Il est à présent de l'ordre du banal d'affirmer que la société algérienne est une société plurilingue et pluriculturelle. Elle est riche de plusieurs cultures et de plusieurs langues maternelles. Qui se trouvent, hélas, dans une situation de péril avancé.(1)
Deux précisions en guise de préalable
1) A l'intention des puristes qui ressassent sans cesse que les langues maternelles ne sont pas des langues mais des dialectes ou des parlers locaux minoritaires, il est utile de souligner que l'Unesco utilise la notion de langue même pour des idiomes qui ne sont parlés que par des groupes restreints.
Ainsi, 199 langues comptent moins de 10 locuteurs comme le holikachu parlé par 5 personnes en Alaska, le kalaim parlé par 6 Ukrainiens de l'ouest, ou le gweno utilisé par 10 Tanzaniens.

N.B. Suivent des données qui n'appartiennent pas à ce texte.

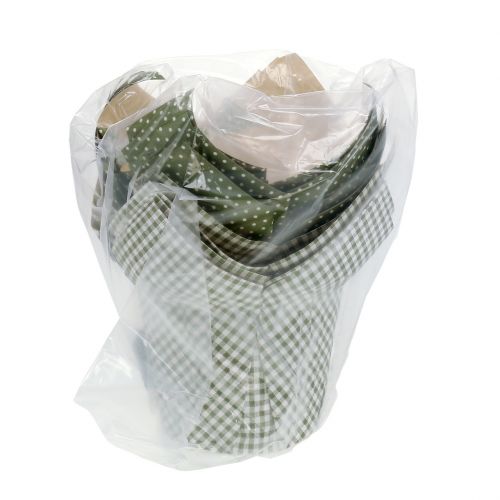 Floristik24 Papiertopf mit Muster Grün-Weiß Ø9,5cm 12 St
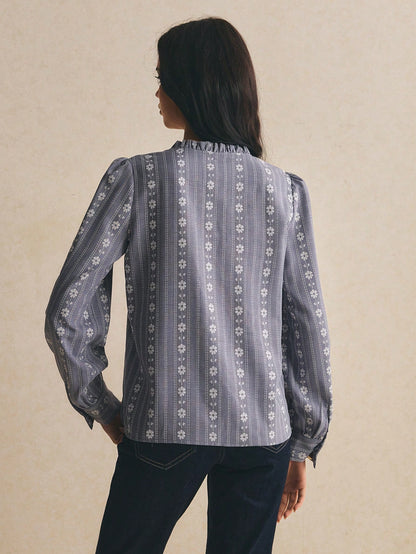 Poéselle Women's Long Sleeve Printed Sweet Elegant Elegant Blouse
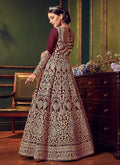 Burgundy All Over Traditional Embroidered Designer Anarkali Suit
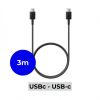 Câble USB-C vers USB-C 3 mètres charge et données – Vortex Electronics – noir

En Afrique subsaharienne où environ 2000 langues sont parlées, au moins 10% d'entre elles risquent de disparaître définitivement dans les 100 prochaines années. En Algérie, combien de langues parlées par plusieurs personnes survivront ?
2) Il est utile de signaler que l'Algérie a ratifié la convention pour la préservation du patrimoine immatériel, avec cette même Unesco, qui a consacré le chant Ahellil, Echedda tlemçania, ou dernièrement l'Imzad comme patrimoine culturel de l'Humanité. Il faut s'en féliciter et pourtant… les langues maternelles algériennes font bel est bien partie de ce patrimoine immatériel en péril, mais ne semblent pas figurer parmi les priorités des instances politiques et culturelles nationales.(2)
Une triple observation
1re observation. Eluder la question de la place et de l'importance des langues maternelles dans la société algérienne révèle la carence dans la conscience culturelle collective, d'une vision claire, de pans entiers de l'histoire sociale et culturelle de l'Algérie.

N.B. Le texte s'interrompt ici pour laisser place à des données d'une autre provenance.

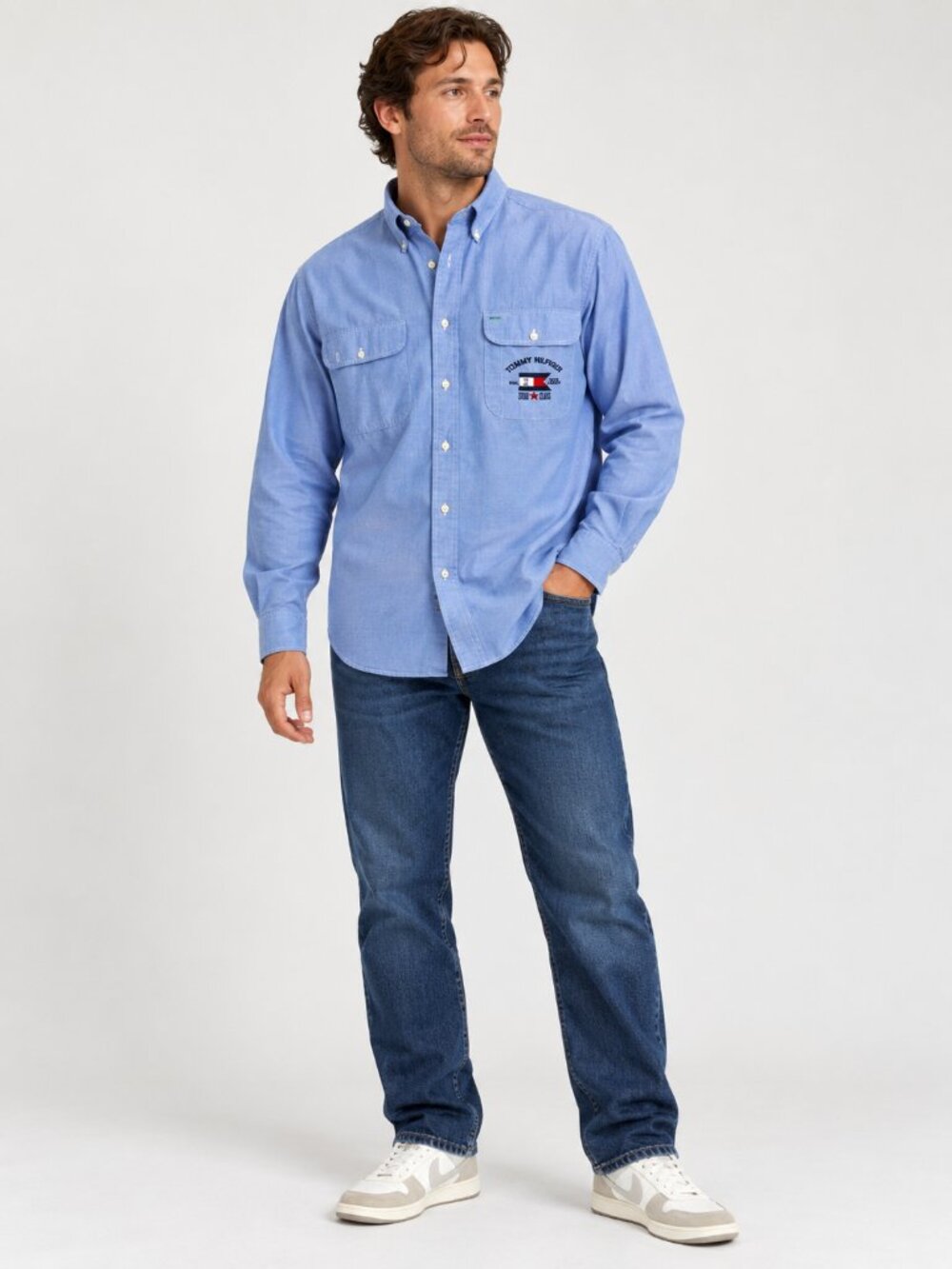 Tommy Hilfiger Star Class Men’s L Blue 100% Cotton Button Down Shirt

Cette carence persistante autorise le recours constant aux affirmations idéologiques et bien évidemment à des fantasmagories mystificatrices qui en constituent le traitement récurrent.
Le traitement politico-identitaire récursif des langues maternelles et des cultures locales est la meilleure preuve que l'étude scientifique des faits socioculturels totaux en Algérie s'avère plus que jamais impérieuse. Mais elle est loin de figurer dans les cahiers de charges des centres de recherche et autres structures de recherche budgetiphages dont la vocation et la mission obéissent à des raisons que la raison scientifique ignore.

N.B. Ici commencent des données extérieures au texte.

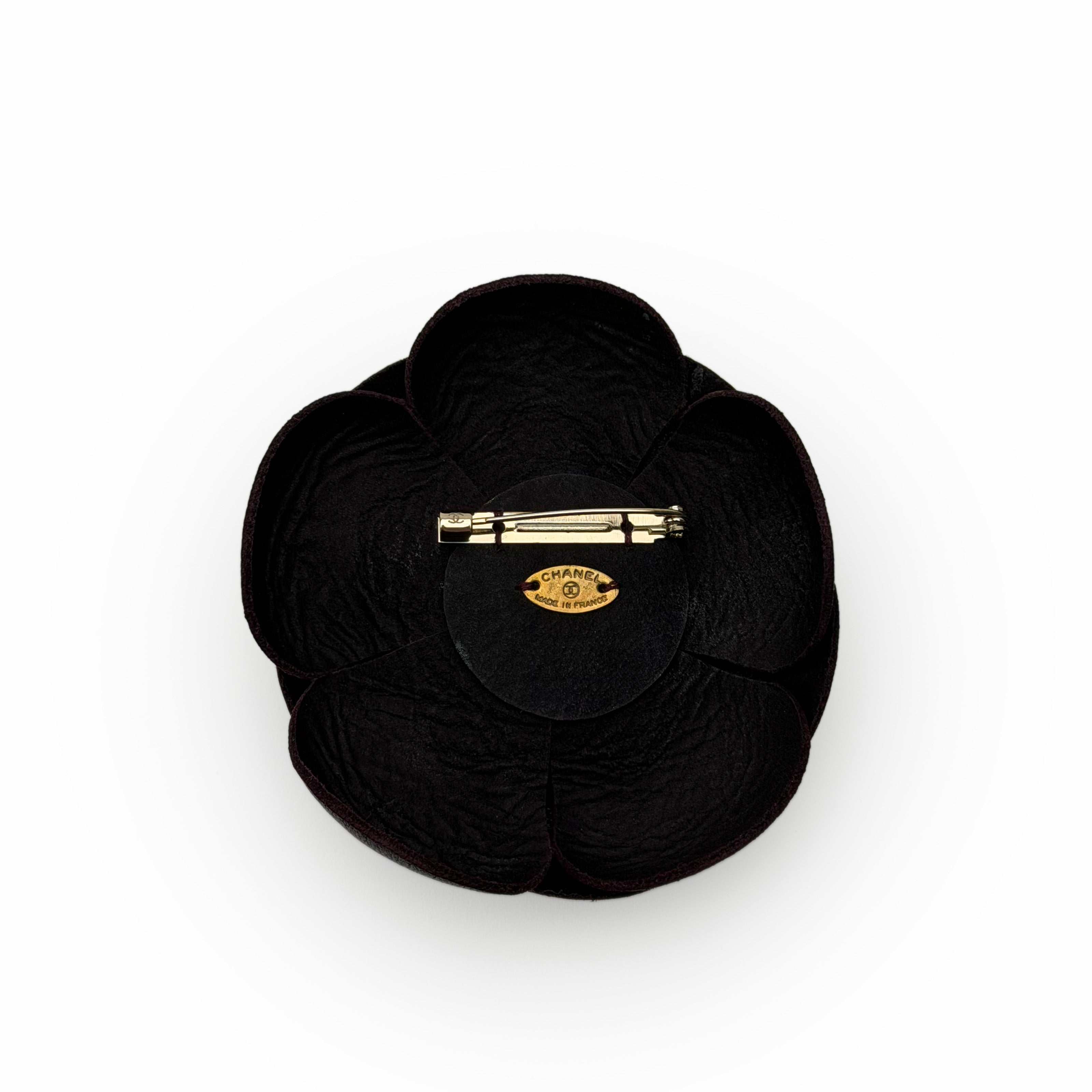Chanel Camelia Leather Plum Brooch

2e observation. Dans ce champ historico-culturel occulté, les langues maternelles algériennes occupent de toute évidence une place singulière mais n'ont fait, jusqu'à présent, l'objet d'aucune grande synthèse scientifique, malgré les efforts notables de quelques chercheurs qui ne sont pas toujours à l'abri des interférences et des ingérences politiques et idéologiques et dont on se garde bien de donner de la visibilité à leurs efforts quand ils contredisent ces mêmes interférences et ces mêmes ingérences.
Le paysage des rares recherches en linguistique et en sociolinguistique se caractérise par un éparpillement et un émiettement maintenu et entretenu fort sciemment.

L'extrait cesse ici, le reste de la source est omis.